Junior Rau

Personal information
- Born: 23 October 1995 (age 29) Chimbu Province, Papua New Guinea
- Height: 170 cm (5 ft 7 in)
- Weight: 73 kg (11 st 7 lb)

Playing information
- Position: Wing
Club
| Years | Team | Pld | T | G | FG | P |
| 2018– | PNG Hunters | 50 | 16 | 0 | 0 | 64 |
Representative
| Years | Team | Pld | T | G | FG | P |
| 2015 | PNG Prime Minister's XIII | 1 | 0 | 0 | 0 | 0 |
| 2018–19 | Papua New Guinea | 2 | 2 | 0 | 0 | 8 |
- Source: https://www.qrl.com.au/players/intrust-super-cup/papua-new-guinea-hunters/junior-rau/ As of 10 November 2023

= Junior Rau =

PNG international rugby league footballer

Junior Rau is a professional Papua New Guinean rugby league footballer who plays as a for the PNG Hunters in the Queensland Cup and made his international debut against the Fiji Bati during the 2018 Pacific Rugby League Test in Sydney in June 2018 scoring twice in the Kumuls 26-14 victory.
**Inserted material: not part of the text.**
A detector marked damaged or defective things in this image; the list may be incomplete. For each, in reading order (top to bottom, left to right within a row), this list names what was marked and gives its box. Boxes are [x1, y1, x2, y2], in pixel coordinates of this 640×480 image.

Rau had previously played for the Mt Hagen Eagles in the Papua New Guinea National Rugby League, captaining the side in 2016 to a semi-final loss to the Agmark Rabaul Gurias. As a result of a post-match fight between several players, officials, and a referee that led to thousands of dollars in damages to facilities at Sir John Guise Stadium, Rau was given a ten year suspension from the PNGNRL.